• [What the exercise asks]: Write out all the entries word for word and omit any pictures.

*** Begin section ***

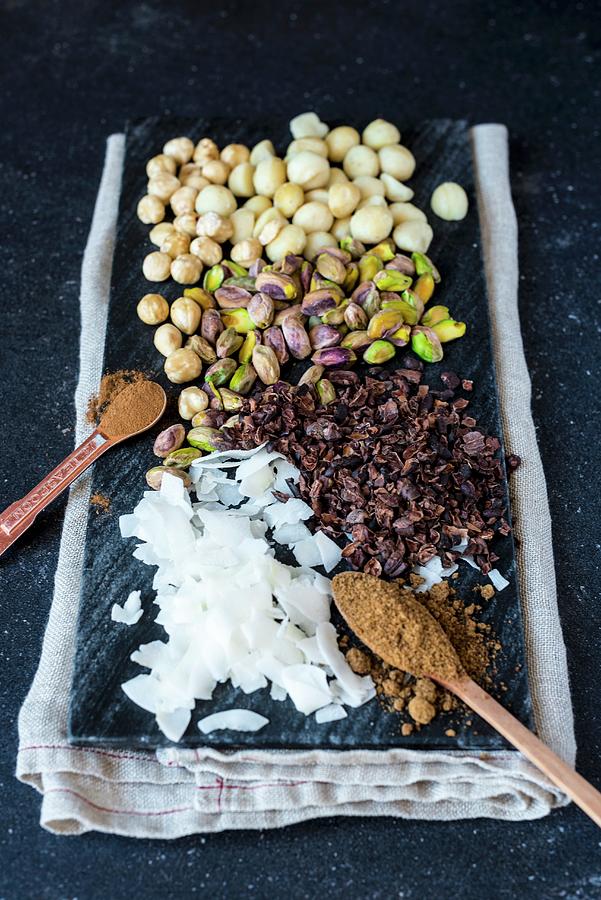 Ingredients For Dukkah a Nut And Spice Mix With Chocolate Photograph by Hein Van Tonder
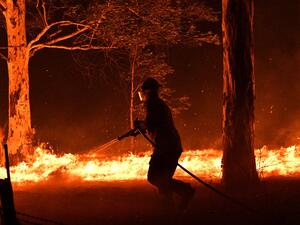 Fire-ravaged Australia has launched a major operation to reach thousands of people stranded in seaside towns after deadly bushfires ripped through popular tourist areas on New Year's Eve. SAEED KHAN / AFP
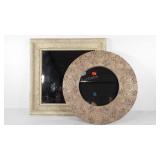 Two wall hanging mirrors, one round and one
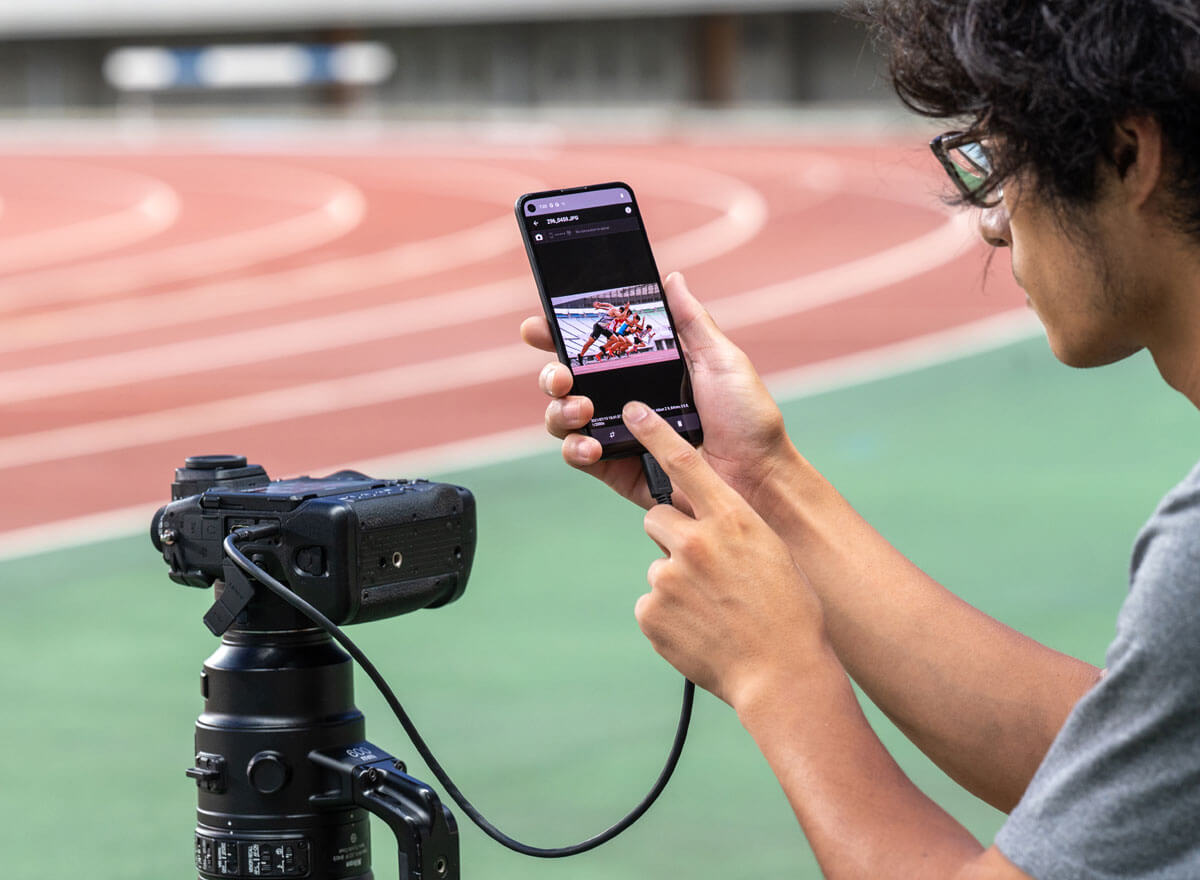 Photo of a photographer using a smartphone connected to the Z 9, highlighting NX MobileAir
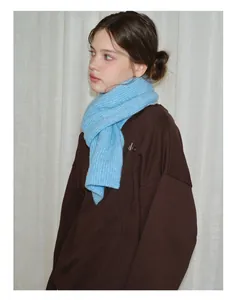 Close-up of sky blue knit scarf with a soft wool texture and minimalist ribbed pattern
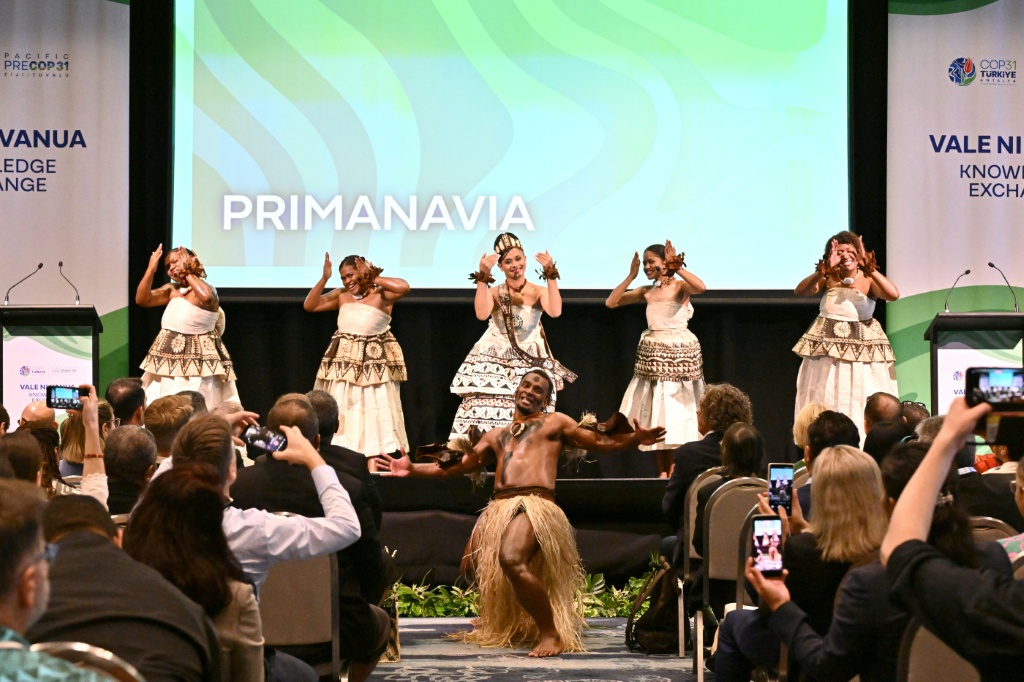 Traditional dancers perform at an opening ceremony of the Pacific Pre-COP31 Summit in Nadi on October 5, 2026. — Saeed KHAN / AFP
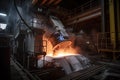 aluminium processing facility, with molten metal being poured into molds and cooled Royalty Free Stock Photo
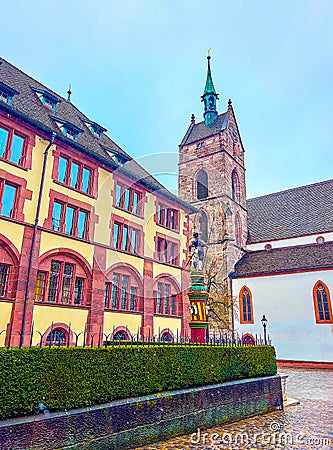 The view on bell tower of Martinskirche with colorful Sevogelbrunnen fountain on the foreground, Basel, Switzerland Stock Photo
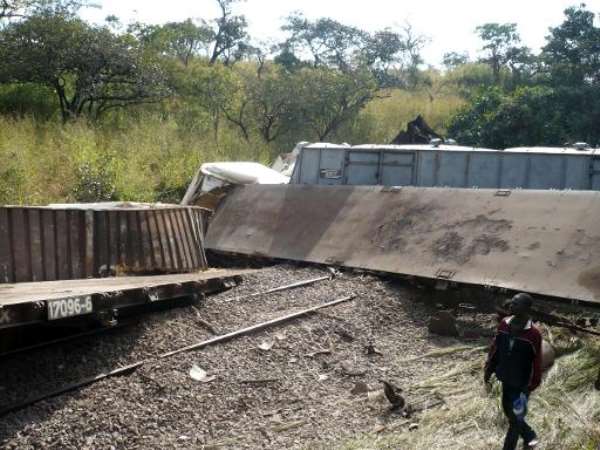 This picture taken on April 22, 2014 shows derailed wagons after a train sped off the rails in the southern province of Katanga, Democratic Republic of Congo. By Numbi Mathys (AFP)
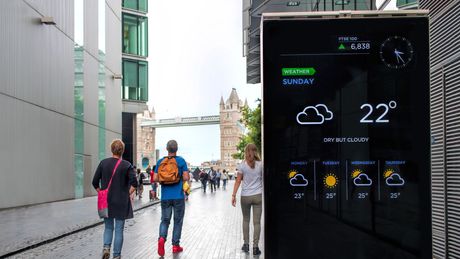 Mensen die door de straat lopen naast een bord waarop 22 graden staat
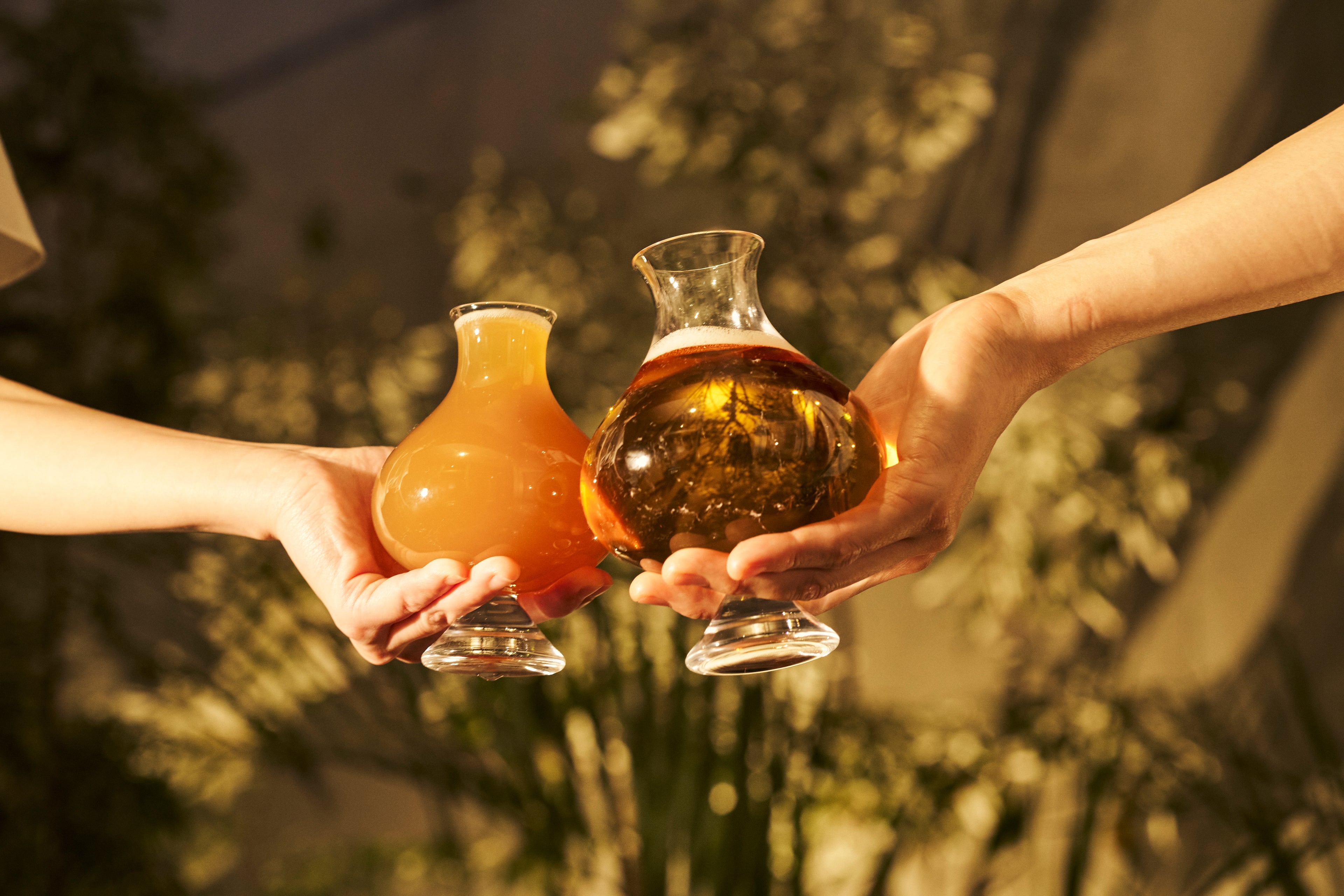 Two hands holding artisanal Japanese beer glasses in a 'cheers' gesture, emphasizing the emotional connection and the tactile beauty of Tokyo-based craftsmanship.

*** End section ***

• [Written solution]:
 Ingredients For Dukkah a Nut And Spice Mix With Chocolate Photograph by Hein Van Tonder
 Fire-ravaged Australia has launched a major operation to reach thousands of people stranded in seaside towns after deadly bushfires ripped through popular tourist areas on New Year's Eve. SAEED KHAN / AFP
 Two wall hanging mirrors, one round and one
 Photo of a photographer using a smartphone connected to the Z 9, highlighting NX MobileAir
 Close-up of sky blue knit scarf with a soft wool texture and minimalist ribbed pattern
 Traditional dancers perform at an opening ceremony of the Pacific Pre-COP31 Summit in Nadi on October 5, 2026. — Saeed KHAN / AFP
 aluminium processing facility, with molten metal being poured into molds and cooled Royalty Free Stock Photo
 The view on bell tower of Martinskirche with colorful Sevogelbrunnen fountain on the foreground, Basel, Switzerland Stock Photo
 This picture taken on April 22, 2014 shows derailed wagons after a train sped off the rails in the southern province of Katanga, Democratic Republic of Congo. By Numbi Mathys (AFP)
 Mensen die door de straat lopen naast een bord waarop 22 graden staat
 Two hands holding artisanal Japanese beer glasses in a 'cheers' gesture, emphasizing the emotional connection and the tactile beauty of Tokyo-based craftsmanship.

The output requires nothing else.